The third law, Collaborate Confidently, is about the freedom to take conscious risks while trusting that others will support your decisions. It involves prioritizing thoughtfulness while reducing groupthink behavior. This might mean allowing the remote member of a team to moderate a live meeting, creating a sense of inclusion and also reducing the bias we tend to have toward in-person teammates. It could mean using the virtual chat in a video meeting to collect team opinions before calling on people with different ideas to speak up instead of listening to the loudest people who agree with one another first.

The fourth and final law, Trust Totally, means you have an open team culture, where everyone knows they’re listened to and where everyone can always ask one another for help. No one wastes time sweating the small stuff, where an ambiguously worded message or late-to-arrive response doesn’t automatically give rise to fear or anxiety and where we confidently assume everyone is on our side. A Trust Totally workplace environment only happens after the first three laws have been implemented, yielding 360-degree engagement.

Can you give us some examples of what good digital body language looks like, in practice?

As I describe in Digital Body Language, reading carefully is the new listening, and writing clearly is the new empathy. Before you send off that next email, pause and make sure that it is communicating the right message to the receiver. Every communication channel brings with it a set of underlying meanings and subtexts, so ask yourself if an email is the best way to convey the urgency and importance of the message or if a Slack or phone call would be a more efficient option.

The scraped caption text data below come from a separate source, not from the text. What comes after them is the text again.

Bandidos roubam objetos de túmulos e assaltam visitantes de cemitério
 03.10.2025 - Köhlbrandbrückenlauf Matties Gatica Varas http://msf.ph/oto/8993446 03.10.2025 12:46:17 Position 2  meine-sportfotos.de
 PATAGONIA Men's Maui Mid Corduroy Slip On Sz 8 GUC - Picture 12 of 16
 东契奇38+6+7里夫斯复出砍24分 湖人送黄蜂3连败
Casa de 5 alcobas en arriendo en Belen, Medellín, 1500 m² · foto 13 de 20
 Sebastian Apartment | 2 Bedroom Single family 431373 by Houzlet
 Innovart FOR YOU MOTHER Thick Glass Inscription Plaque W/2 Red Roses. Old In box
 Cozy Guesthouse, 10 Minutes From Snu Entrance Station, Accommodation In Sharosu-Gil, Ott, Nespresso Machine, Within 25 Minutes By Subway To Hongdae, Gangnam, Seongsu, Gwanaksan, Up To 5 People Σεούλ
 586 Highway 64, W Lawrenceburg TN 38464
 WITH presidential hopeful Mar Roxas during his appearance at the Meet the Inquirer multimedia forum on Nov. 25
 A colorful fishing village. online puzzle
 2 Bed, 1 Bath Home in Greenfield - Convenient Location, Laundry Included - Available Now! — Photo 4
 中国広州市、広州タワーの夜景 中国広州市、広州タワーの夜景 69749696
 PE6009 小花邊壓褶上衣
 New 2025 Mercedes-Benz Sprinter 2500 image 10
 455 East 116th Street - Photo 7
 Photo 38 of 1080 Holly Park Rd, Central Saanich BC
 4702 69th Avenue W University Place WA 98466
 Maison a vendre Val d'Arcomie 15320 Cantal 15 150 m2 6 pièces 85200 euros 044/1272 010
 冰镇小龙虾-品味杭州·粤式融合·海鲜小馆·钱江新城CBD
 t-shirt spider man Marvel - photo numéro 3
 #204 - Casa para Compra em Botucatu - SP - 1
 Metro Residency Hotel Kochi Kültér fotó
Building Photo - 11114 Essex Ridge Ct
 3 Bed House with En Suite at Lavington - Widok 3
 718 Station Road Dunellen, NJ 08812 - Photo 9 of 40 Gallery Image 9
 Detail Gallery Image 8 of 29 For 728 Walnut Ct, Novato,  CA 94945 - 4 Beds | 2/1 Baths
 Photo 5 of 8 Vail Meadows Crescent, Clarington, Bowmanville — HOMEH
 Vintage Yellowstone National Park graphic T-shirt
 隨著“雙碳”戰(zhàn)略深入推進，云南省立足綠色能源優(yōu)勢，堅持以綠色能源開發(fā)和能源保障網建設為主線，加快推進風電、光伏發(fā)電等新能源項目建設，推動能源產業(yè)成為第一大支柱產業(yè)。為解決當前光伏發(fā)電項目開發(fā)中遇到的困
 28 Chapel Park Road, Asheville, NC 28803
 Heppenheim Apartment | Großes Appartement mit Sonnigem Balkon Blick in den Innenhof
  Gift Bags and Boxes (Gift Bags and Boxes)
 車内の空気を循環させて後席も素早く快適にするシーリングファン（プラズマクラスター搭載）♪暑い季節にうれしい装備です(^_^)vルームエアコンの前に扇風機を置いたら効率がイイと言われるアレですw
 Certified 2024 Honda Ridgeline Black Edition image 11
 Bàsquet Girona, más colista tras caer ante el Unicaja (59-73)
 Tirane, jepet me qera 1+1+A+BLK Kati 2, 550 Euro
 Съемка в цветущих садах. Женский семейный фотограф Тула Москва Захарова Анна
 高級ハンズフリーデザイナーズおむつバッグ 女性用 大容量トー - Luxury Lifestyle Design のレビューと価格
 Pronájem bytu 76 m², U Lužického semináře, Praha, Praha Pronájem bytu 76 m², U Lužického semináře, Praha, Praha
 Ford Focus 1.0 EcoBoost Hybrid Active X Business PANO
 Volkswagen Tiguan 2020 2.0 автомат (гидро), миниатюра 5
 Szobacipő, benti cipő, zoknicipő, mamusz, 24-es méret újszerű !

When we type, we move at lightning speed, which costs us accuracy, clarity, and respect. While brevity can make a person appear important, it can also hurt your team and your business. Getting an ambiguous email means the recipient has to spend time deciphering what it means, causing delays and potentially leading to costly mistakes. Proofreading emails before sending them to avoid making digital errors and if you don’t have time to give a thoughtful attention to an email, send a quick reply acknowledging you received the message and that you plan to get back to it at greater length as soon as possible.

What does the future hold for digital communication and collaboration at work?

As the future becomes increasingly digital and even the most conservative, long-lasting fields and businesses look to reinvent themselves virtually, it’s more crucial than ever to master a common digital body language in order to enable clarity, speed, and efficiency. When I was writing my book, I learned that understanding the nuances of digital body language doesn’t merely solve problems, but it also opens up deeper, better ways for all of us to relate to one another and foster a sense of inclusion and belonging. In the work environment, this reduces friction, limits bureaucracy, and flattens the differences across genders, generations, and cultures. Alleviating a widespread source of professional confusion and pain, we can access a much broader diversity of perspectives and ideas. By establishing clear digital body language norms, we can succeed in the modern workplace and build stronger trust, connection, and authenticity among our teams in the future.